Board games... not bored games

Christmas is coming and in many households that means the board games will be dusted off and pulled out. Here, Germana Alencar talks to some of those involved in the game industry in Cork to find out what’s hot, as board games sales continue to skyrocket globally
Board games... not bored games
Dylan Murray, aged 21, associate of the game and comic books shop Comic Vault. Picture by Germana Alencar

EVERY Christmas is more or less the same. We gather around the table, eat delicious food and catch up with family members. All good... until someone suggests it’s time to play a game.

Out comes the board game you’ve played hundreds of times, and soon uncle Ben owns everything, someone starts an argument about the discovery that someone else has been discreetly ‘stealing from the bank’, the kids start crying, and most people are no longer having fun.
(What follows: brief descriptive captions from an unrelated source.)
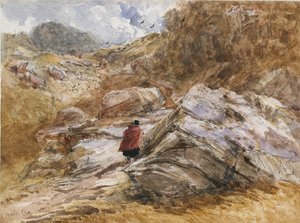 ممر الجبل في Bettws-y-Coed ، 1851 بواسطة ديفيد كوكس الأكبر
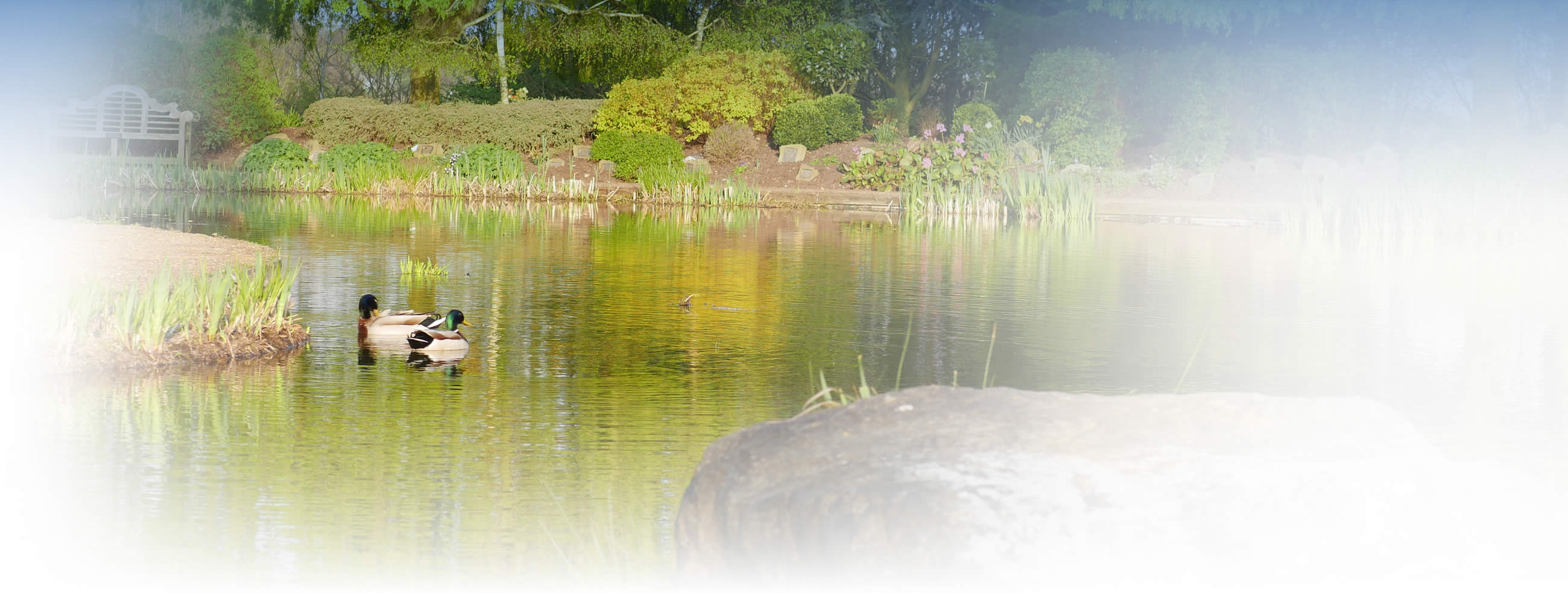 Harwood Park lake with Ducks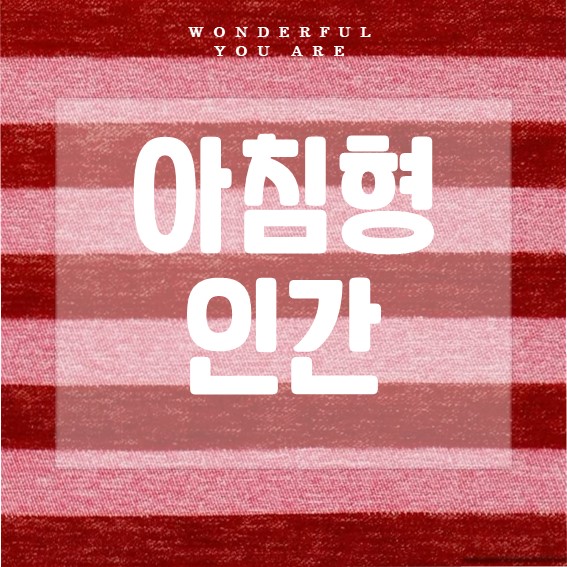 아침형 인간 완벽 가이드: 생산성과 건강의 비결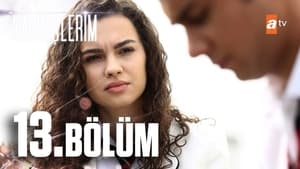 Kardeslerim: 1×13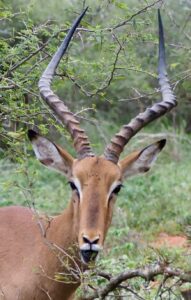 Impala in Kruger National Park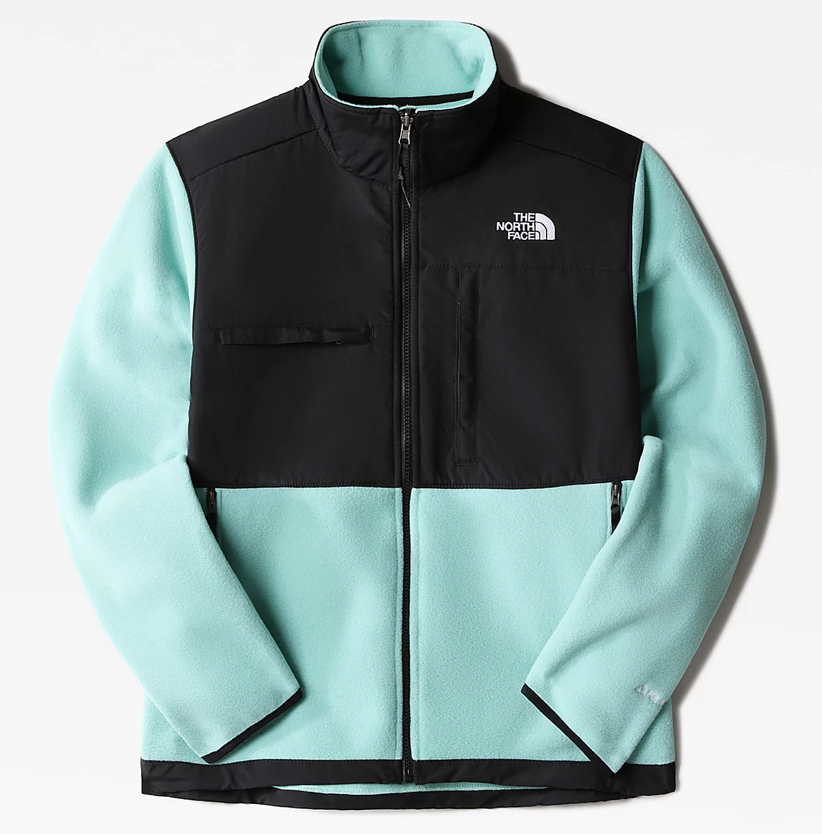 Veste Denali 2 - The North Face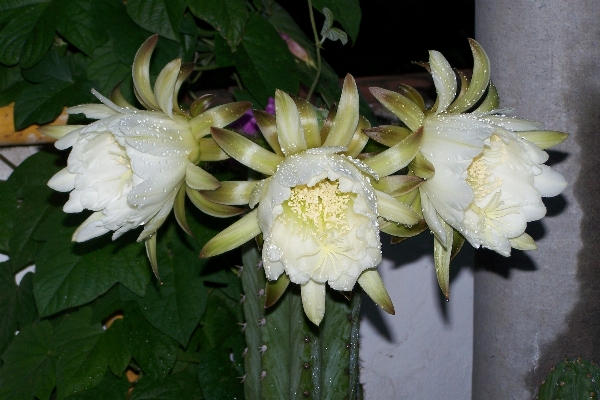 Foto Cacto
 plantar flor botânica
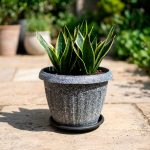 MACETERO PLASTICO C/PLATO 250X190CM D2004P-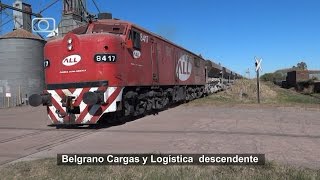 Lindo tren de Belgrano Cargas y Logística Línea San Martín con ALCo FPD7 pasando por Carmen [upl. by Owades]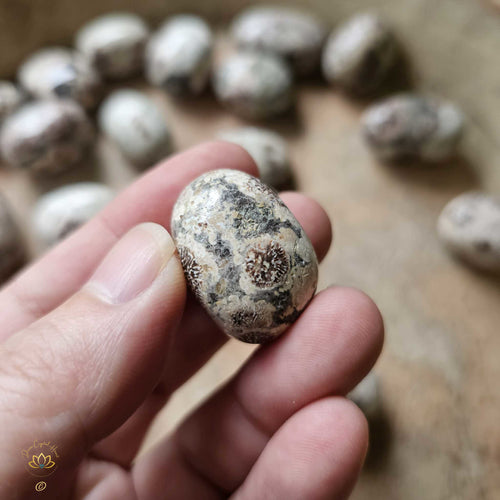 Green Cherry Jasper Tumbled Stones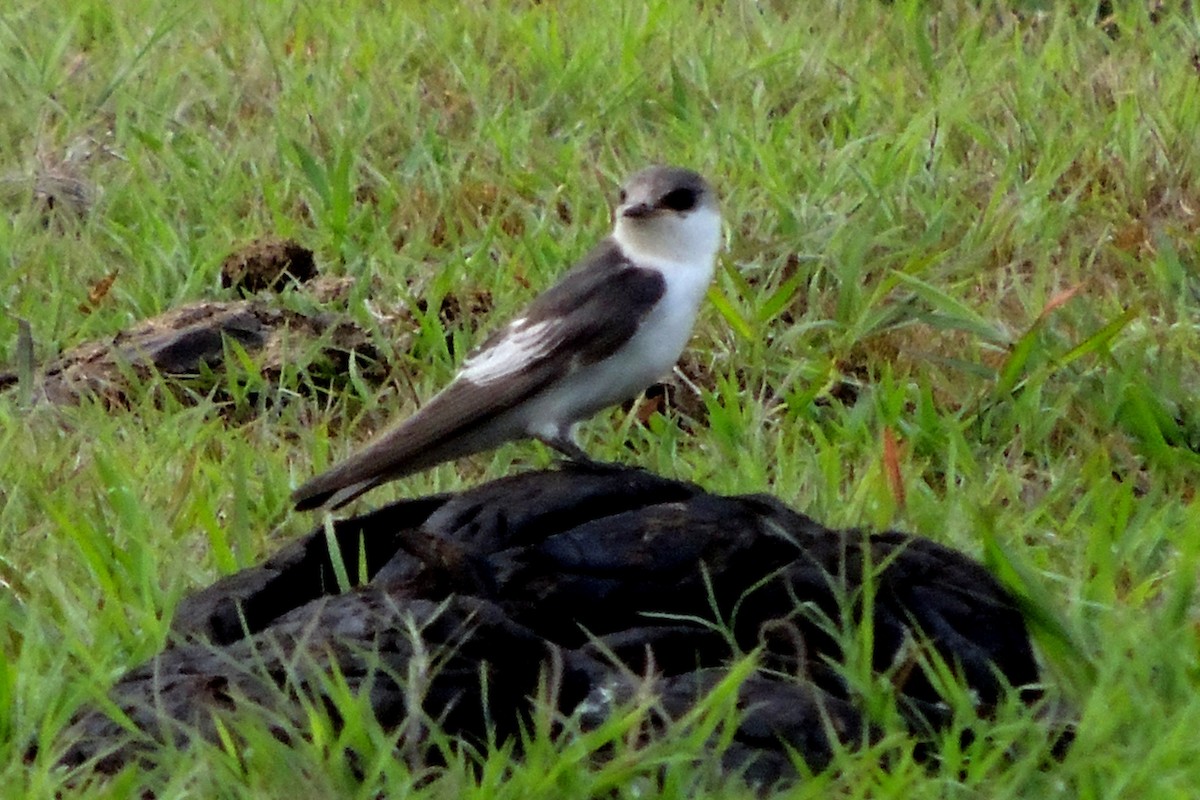 White-winged Swallow - Licinio Garrido Hoyos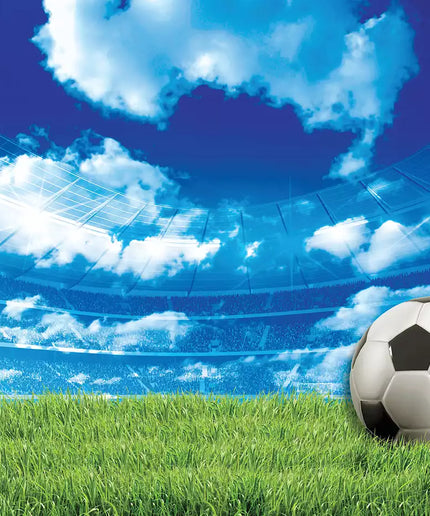 Fototapetai futbolas - 3388VEKW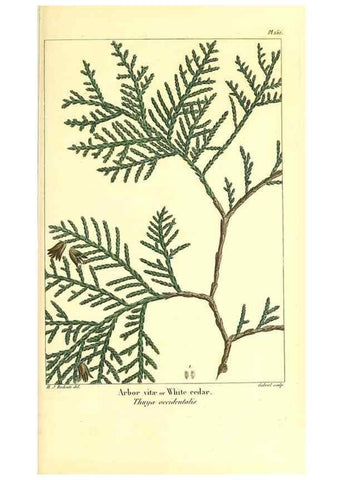 Reproducción/Reproduction 47817721612: The North American sylva;. Philadelphia,R.P. Smith,1853.. 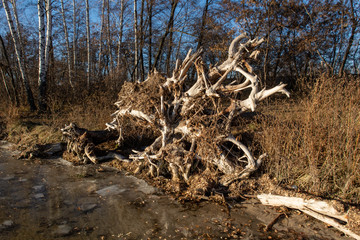 a broken tree root on the sunset
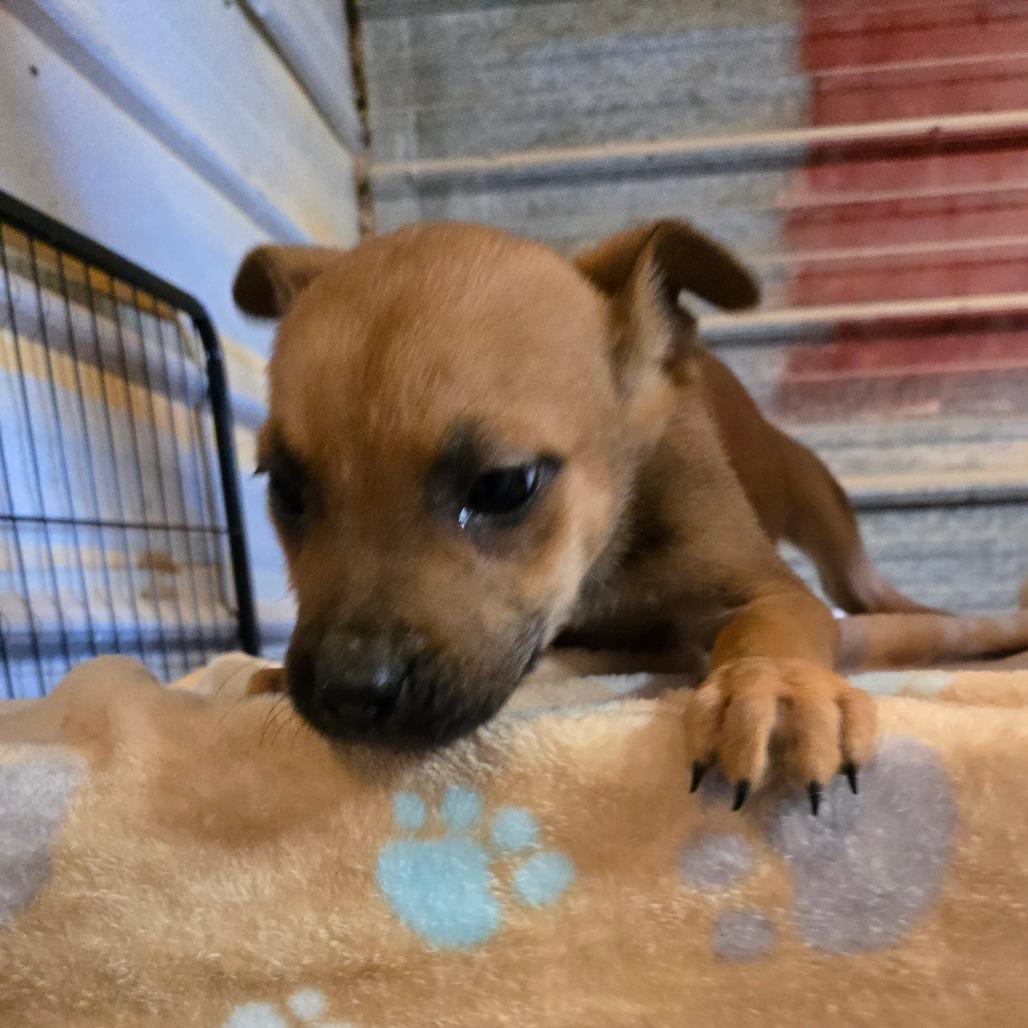 Enlarge Aksel, a Adoptable mixed breed in Waggaman, LA image 2/6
Thankfully, this Christmas does not have to sound like that. There’s not just Monopoly! There are many more board game-style alternatives to entertain your family over the festive period. From the most commonly known board games such as Risk to hobby gaming such as Warhammer, Cork is nowadays the Irish table-top gaming capital.

Dylan Murray, aged 21, associate of the game and comic books shop Comic Vault, explains that the term table-top game concerns much more than board games.

“RPGs (Role Playing Games), board games, card games, dice games, war games and all that stuff, they all come under a blanket called ‘table-top gaming’. They are games you play on the top of the table.”

The main hobby shops in Cork city today are Tabletop Cafe, Warhammer, Comic Vault and Other Realms. The oldest of them is Other Realms, which opened 14 years ago. It sells a lot of geeky gaming material, from board games to card games, miniatures, paint and graphic novels.

Tabletop Cafe is a coffee shop recently opened with a large selection of table-top games — more than 225 titles at the moment. The owners are lifelong gamers, it is open every day, ‘all-you-can-play’ for €4 per person.

Warhammer is a shop dedicated to probably the biggest war game nowadays which has the same name. The miniature war game simulates terrestrial battles between futuristic armies.

Meanwhile Comic Vault opened in June 2017 and thrives, selling a wide range of comics and graphic novels, a selection of table-top games and miniature painting.

“And they are not all the same, going around the board,” Dylan explains. “There are different stories to go with each.”

Each different table-top game has its own storyline, with a set of different characters, rules, goals, systems and dynamics.

A few examples of not-around-the-board games are The Settlers of Catan, an adventure- based game involving resource management; Codename, a spy-style team-play game; and Clue, a classic detective mystery-based game. All of them can be played by kids as young as eight years old and support up to six players.

Dylan has been a gamer since he was ten, and debuted in the table-top world when, influenced by his friends, he bought his first edition of The White Dwarf, a wargaming magazine that had a couple of miniatures and little paint tubes as a compliment. Ever since then, Dylan has been involved in the table-top gaming universe.

Curiously enough, in the digital era, one of the most analogue type of entertainment is experiencing skyrocketing sales growth. In 2017 board game sales in the USA grew by 28%, according to NPDG (National Purchase Diary Group). According to Euromonitor International, global sales increased from $9.3 billion in 2013 to $9.6 billion in 2016. The biggest online retailers are reporting huge growth with Amazon growing 39% from 2017 to 2018 and eBay reporting 11% growth on the same period.

But, for Dylan, online shopping does not seem to represent a threat.

“The physical store is a community thing, people come to the shop as a social place. People don’t come only to buy, they also come to chat and play with friends,” he says.

“It’s all for fun really, to play with your friends. Maybe just a little bit of escapism— and it is not just Monopoly!”

Not sure what to play? Check out the suggestions from Tabletop Cafe staff’s Aoife Clarke, the so-called new-classics...


Carcassonne: A tile placement game, the rules are so simple and the game never repeats. There are so many different probabilities because there are so many tiles. Board games are in general more introductory, anyone that has played any board game before will understand the rules.


The Settlers of Catan: This is an adventure-based game, perfect for three or four players over eight years old. All players will battle to collect resources and build settlements on the island of Catan.

The playing boards is made of 19 hexagons, which are arranged randomly at the beginning of each game, so no two games are ever the same! The goal is to collect resource cards and build structures around the island.


Ticket to Ride: For two to five players, Ticket to Ride is incredibly simple, yet allows for strategic and tactical matches. Through the game players collect cards of various types of train cars which they then use to claim railway routes in North America. The longer the routes, the more points they earn.